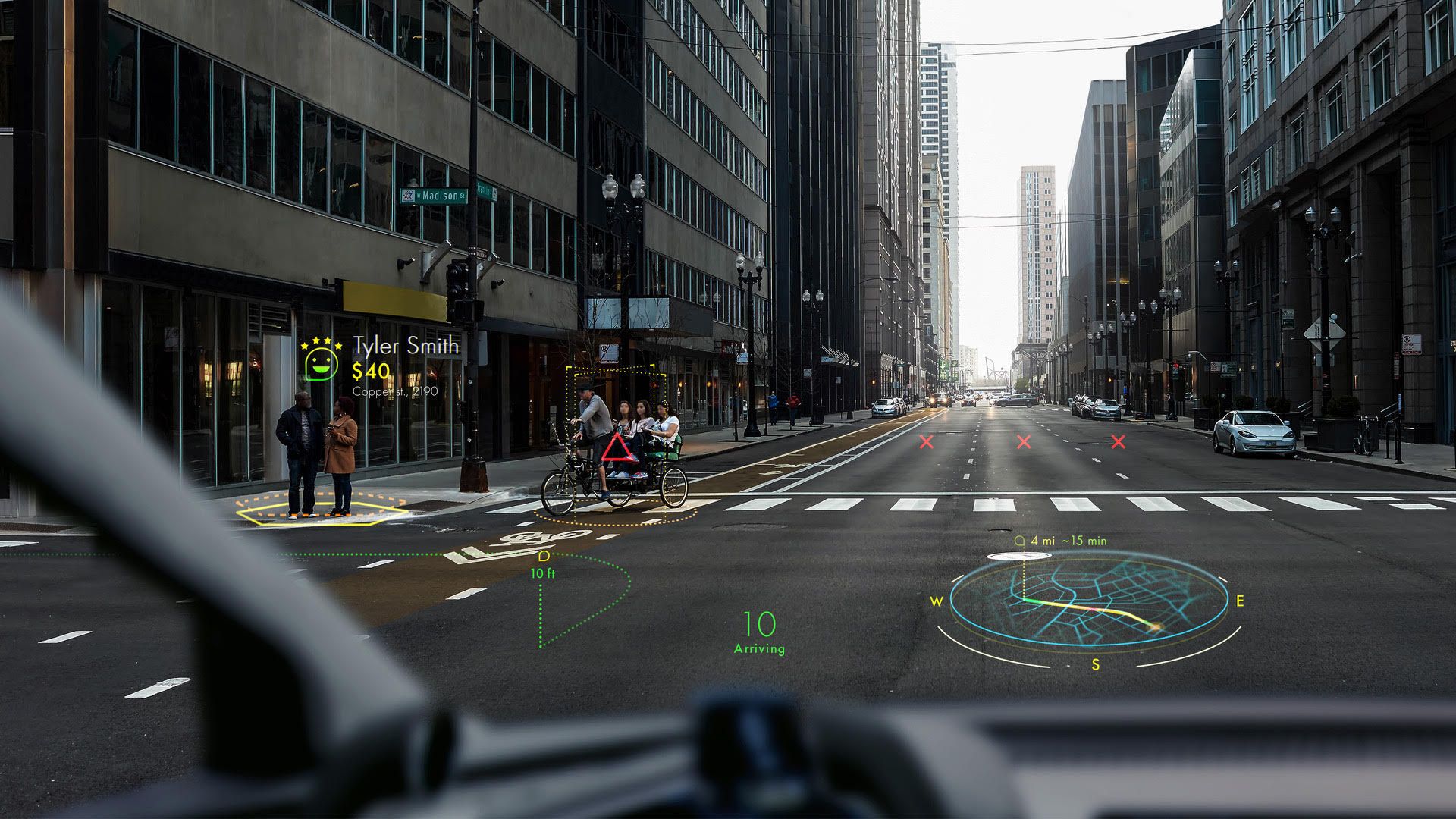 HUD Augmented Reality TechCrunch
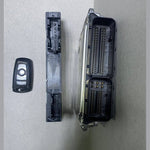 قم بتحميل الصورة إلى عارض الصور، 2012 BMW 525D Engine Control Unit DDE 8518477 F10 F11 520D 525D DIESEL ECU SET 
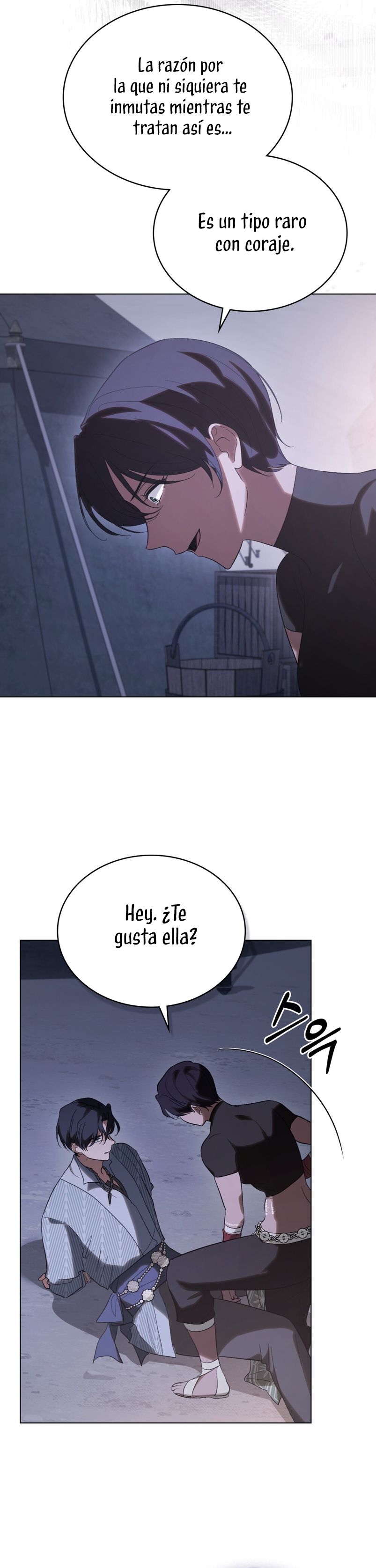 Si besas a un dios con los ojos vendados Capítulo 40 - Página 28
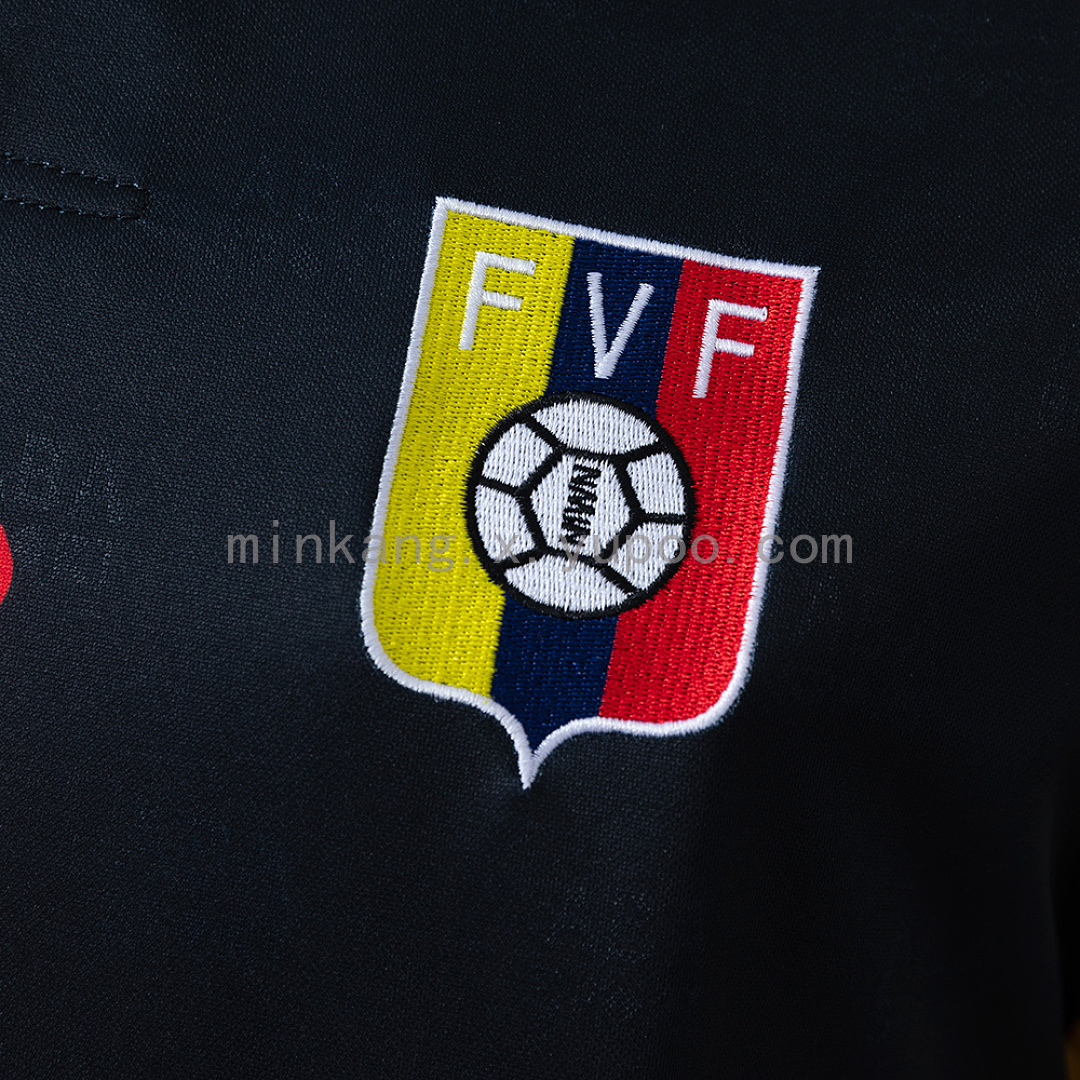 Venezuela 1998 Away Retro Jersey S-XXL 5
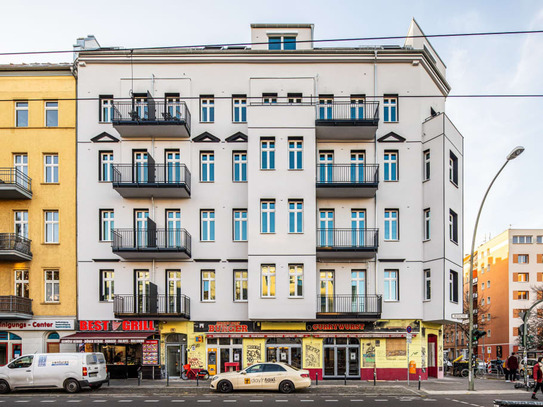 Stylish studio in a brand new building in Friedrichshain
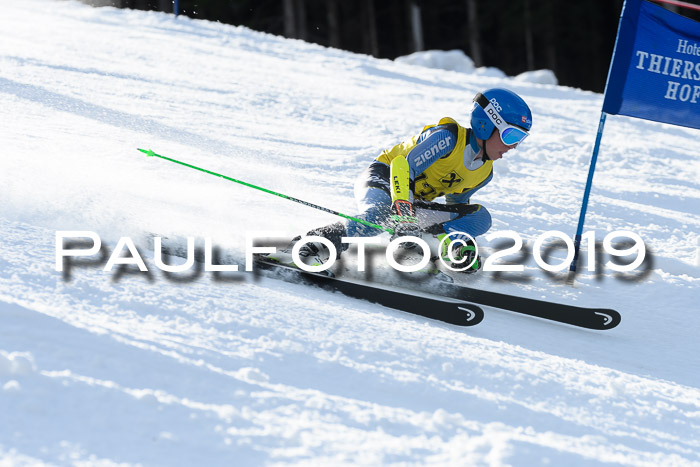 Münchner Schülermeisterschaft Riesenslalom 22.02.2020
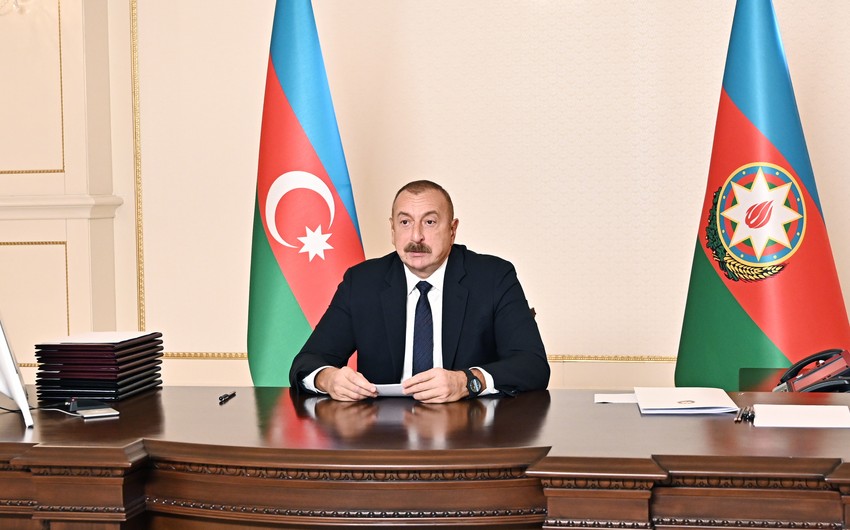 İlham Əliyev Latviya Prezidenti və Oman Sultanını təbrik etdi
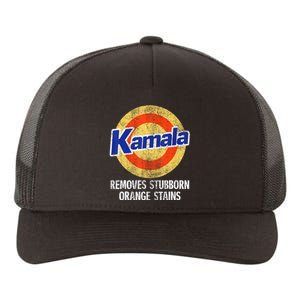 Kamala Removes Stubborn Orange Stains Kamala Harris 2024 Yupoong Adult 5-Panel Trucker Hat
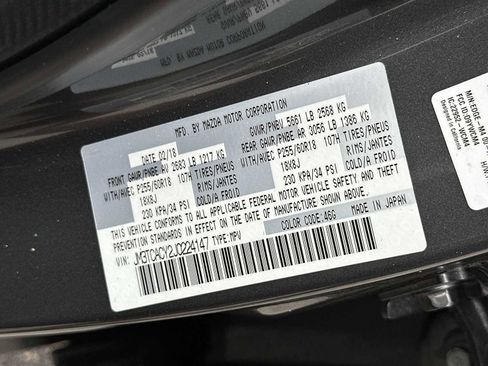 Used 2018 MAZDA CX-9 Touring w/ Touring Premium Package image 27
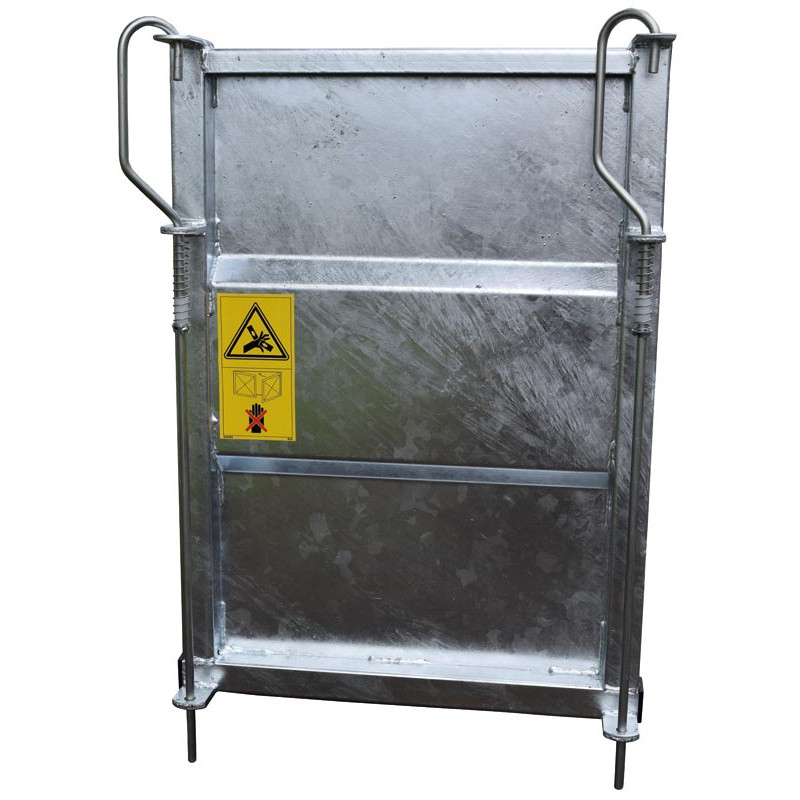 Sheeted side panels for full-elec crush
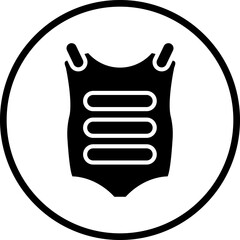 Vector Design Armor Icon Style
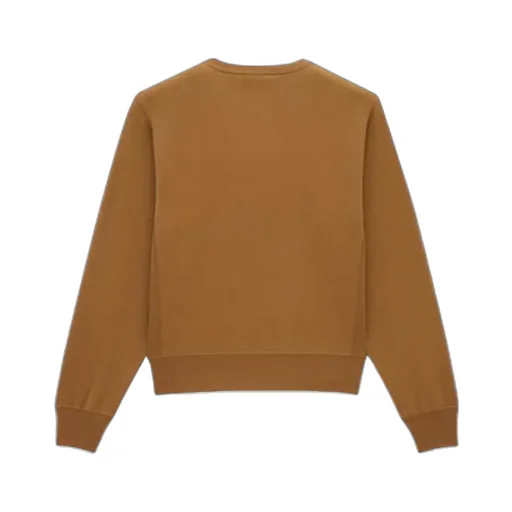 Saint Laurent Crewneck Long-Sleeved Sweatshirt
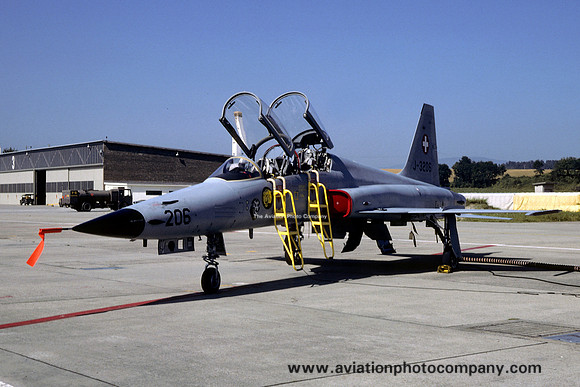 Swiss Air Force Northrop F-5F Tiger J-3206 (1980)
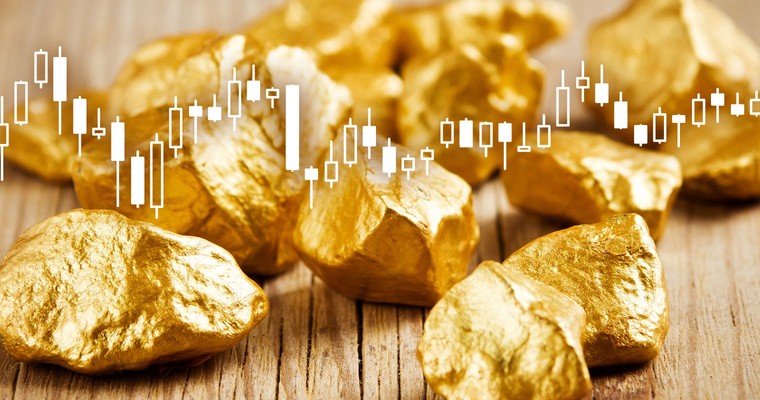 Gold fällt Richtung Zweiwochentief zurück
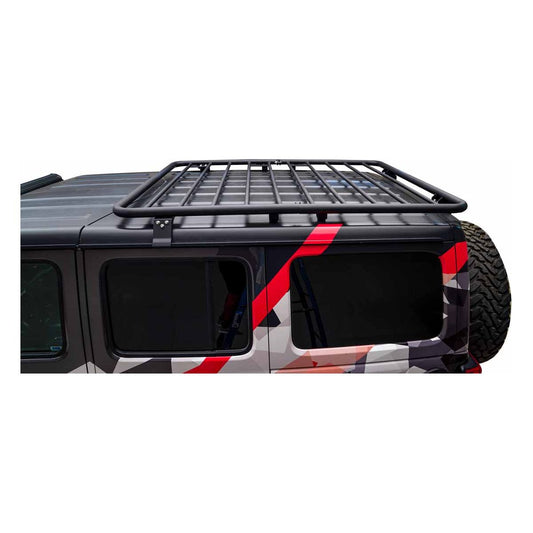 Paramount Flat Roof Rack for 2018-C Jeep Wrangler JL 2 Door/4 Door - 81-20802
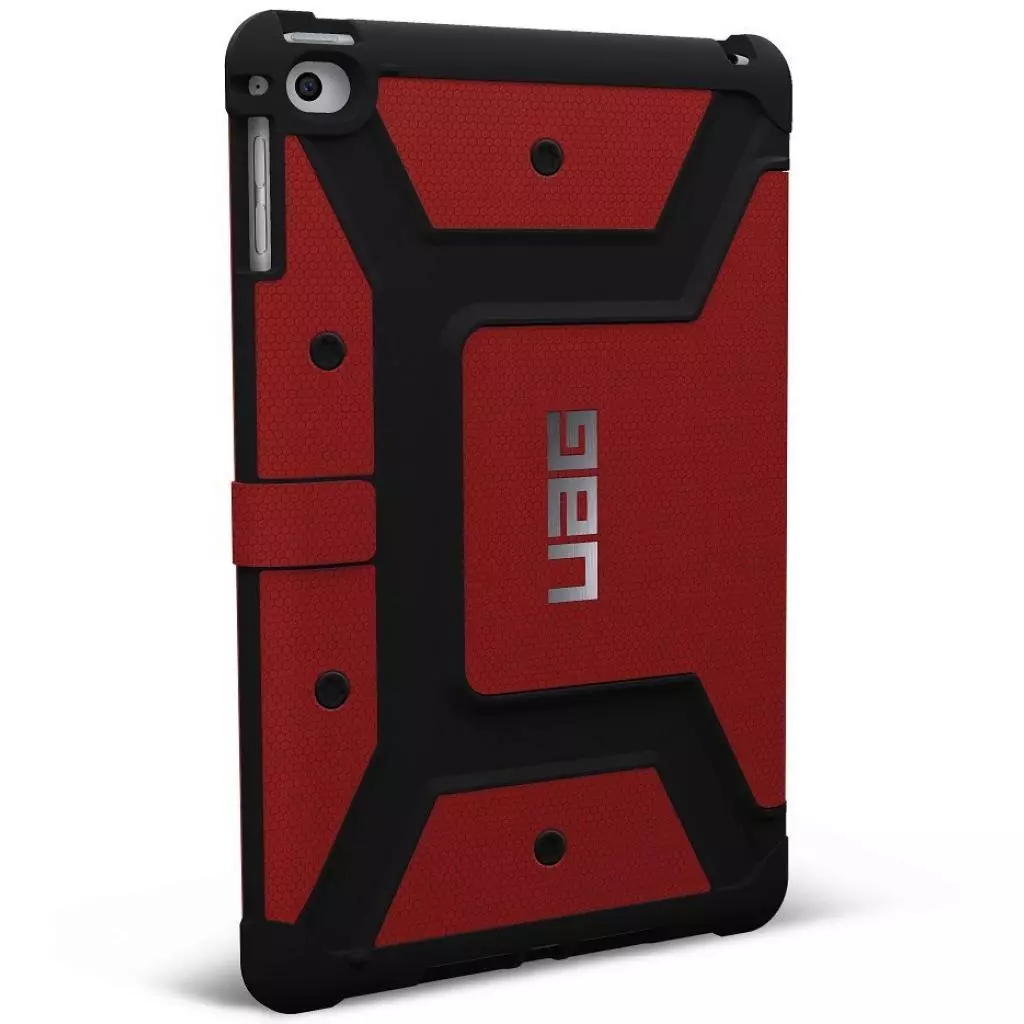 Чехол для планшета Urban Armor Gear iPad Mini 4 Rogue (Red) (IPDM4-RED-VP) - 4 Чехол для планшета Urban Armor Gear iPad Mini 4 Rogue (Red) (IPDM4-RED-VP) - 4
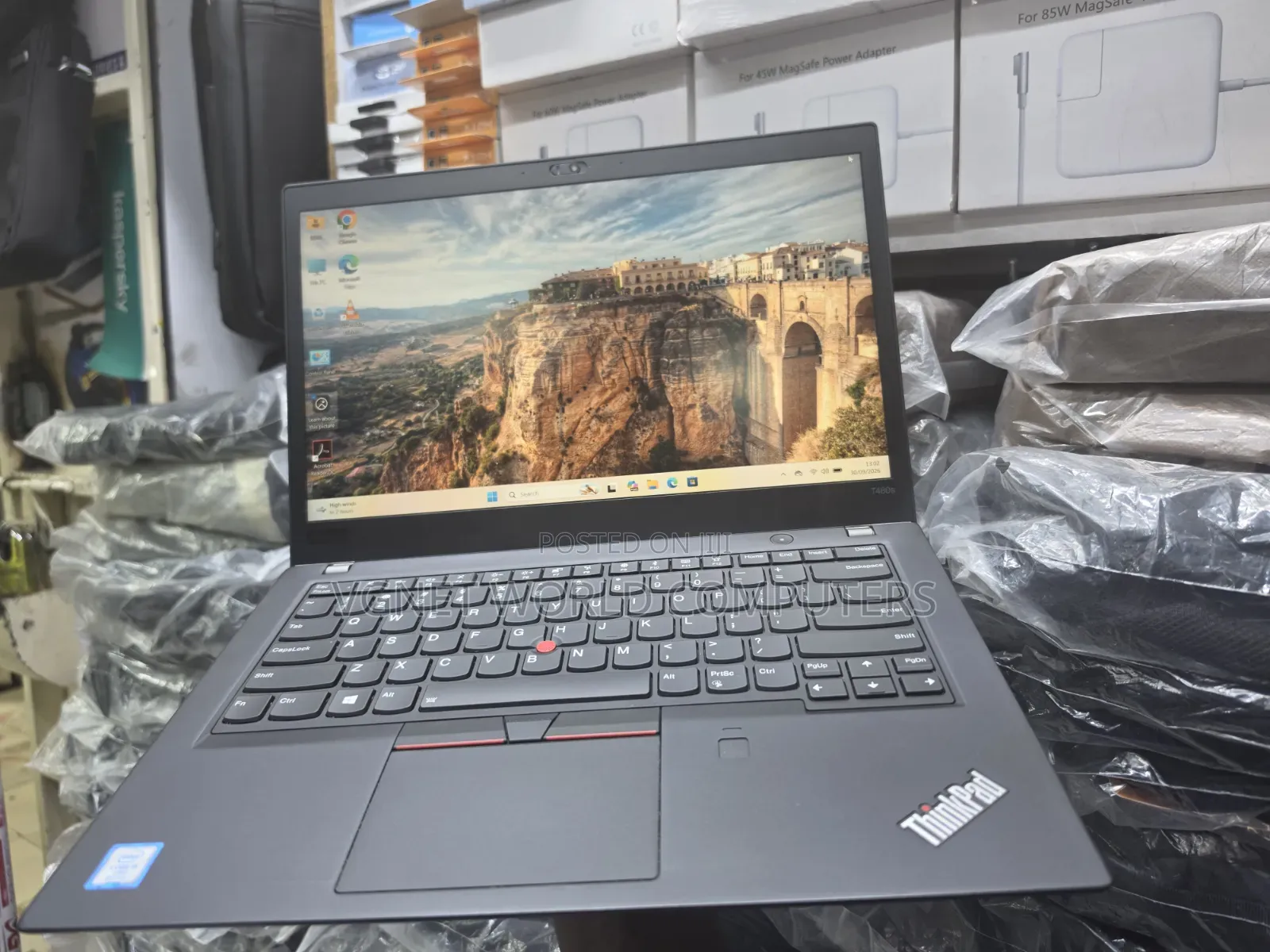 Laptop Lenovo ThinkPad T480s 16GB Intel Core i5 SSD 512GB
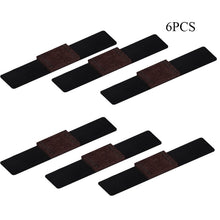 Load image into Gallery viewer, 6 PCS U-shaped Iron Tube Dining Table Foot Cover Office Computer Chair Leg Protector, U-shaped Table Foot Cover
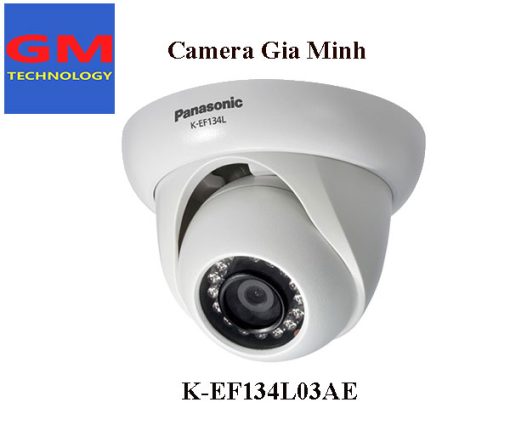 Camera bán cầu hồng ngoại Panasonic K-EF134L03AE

- [The problem]
Set down exactly and only the lines from the line that contains "Sheeted side panels for full-elec crush" through the last line of the entries above, with both of those lines included and the pictures left out.

- [Written answer]
 Sheeted side panels for full-elec crush
 Vector Design Armor Icon Style
 Saint Laurent Crewneck Long-Sleeved Sweatshirt
 Swiss Air Force Northrop F-5F Tiger J-3206 (1980)
 Gold fällt Richtung Zweiwochentief zurück
 Paramount Flat Roof Rack for 2018-C Jeep Wrangler JL 2 Door/4 Door - 81-20802
 Чехол для планшета Urban Armor Gear iPad Mini 4 Rogue (Red) (IPDM4-RED-VP) - 4 Чехол для планшета Urban Armor Gear iPad Mini 4 Rogue (Red) (IPDM4-RED-VP) - 4
 Laptop Lenovo ThinkPad T480s 16GB Intel Core i5 SSD 512GB
 Load image into Gallery viewer, 6 PCS U-shaped Iron Tube Dining Table Foot Cover Office Computer Chair Leg Protector, U-shaped Table Foot Cover
 Camera bán cầu hồng ngoại Panasonic K-EF134L03AE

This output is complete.